PgmNr Y3158: Systematic identification of human/yeast complementation pairs to create a platform for testing tumor-specific variants.

Authors:
A. Hamza; E. Tammpere; M. Kofoed; C. Keong; J. Chiang; G. Giaever; C. Nislow; P. Hieter


Institutes
University of British Columbia, Vancouver, BC, CA.


Keyword: Human diseases/Drug Discovery

Abstract:

While the pace of discovery of somatic mutations in tumor genomes has rapidly accelerated, deciphering the functional impact of these variants has become rate-limiting. Furthermore, linking somatic variants to specific cancer hallmarks, such as chromosome instability (CIN), is a major challenge in the cancer field. The budding yeast, Saccharomyces cerevisiae, has been utilized to define cellular pathways and catalog a comprehensive list of yeast genes required for the maintenance of chromosome stability (yeast CIN genes).
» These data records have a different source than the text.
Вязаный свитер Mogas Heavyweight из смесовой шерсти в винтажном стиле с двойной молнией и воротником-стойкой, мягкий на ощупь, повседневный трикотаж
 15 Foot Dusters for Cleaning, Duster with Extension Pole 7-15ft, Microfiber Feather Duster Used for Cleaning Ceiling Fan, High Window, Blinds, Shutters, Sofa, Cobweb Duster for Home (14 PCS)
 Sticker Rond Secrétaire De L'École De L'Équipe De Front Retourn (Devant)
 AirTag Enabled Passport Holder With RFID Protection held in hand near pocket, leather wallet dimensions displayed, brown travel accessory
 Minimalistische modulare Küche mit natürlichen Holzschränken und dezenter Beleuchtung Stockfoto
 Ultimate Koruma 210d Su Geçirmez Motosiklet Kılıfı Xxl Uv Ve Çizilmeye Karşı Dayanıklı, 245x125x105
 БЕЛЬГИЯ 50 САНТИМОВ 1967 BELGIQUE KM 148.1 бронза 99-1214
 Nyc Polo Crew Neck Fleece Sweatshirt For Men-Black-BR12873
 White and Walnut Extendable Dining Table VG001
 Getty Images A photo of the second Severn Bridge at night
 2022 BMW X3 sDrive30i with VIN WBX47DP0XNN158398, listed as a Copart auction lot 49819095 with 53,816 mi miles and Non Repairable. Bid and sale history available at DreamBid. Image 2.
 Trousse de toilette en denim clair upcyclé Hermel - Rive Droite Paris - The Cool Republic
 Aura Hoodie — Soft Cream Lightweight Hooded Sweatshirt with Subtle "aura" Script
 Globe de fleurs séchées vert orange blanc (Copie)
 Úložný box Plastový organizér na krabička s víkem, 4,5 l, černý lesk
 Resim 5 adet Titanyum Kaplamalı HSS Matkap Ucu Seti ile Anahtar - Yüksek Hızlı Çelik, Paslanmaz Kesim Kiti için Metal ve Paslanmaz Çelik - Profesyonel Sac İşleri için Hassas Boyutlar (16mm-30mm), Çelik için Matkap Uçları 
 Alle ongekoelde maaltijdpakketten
Human orthologs of these yeast genes are candidate CIN genes whose tumor-specific variants may contribute to chromosome instability and tumorigenesis. By ‘humanizing’ a yeast strain using cross-species complementation, yeast can facilitate direct screening of these somatic mutations with the dual benefit that the variants are characterized in the context of the human gene and screened rapidly in a model eukaryote. Here, we outline an experimental approach to identify a list of human genes that can replace their yeast orthologs and complement a loss-of-function phenotype. We report the screening of essential and non-essential yeast CIN deletion mutants for complementation by their human counterparts. Replaceability was scored by examining rescue of growth defects caused by deletion of the essential yeast gene or by assaying for rescue of drug sensitivities for non-essential yeast genes. The resultant list of human gene/ yeast mutant complementation pairs has been used to test the functional consequences of cancer somatic mutations directly in yeast, while also providing a list of complementing genes as a resource to the field.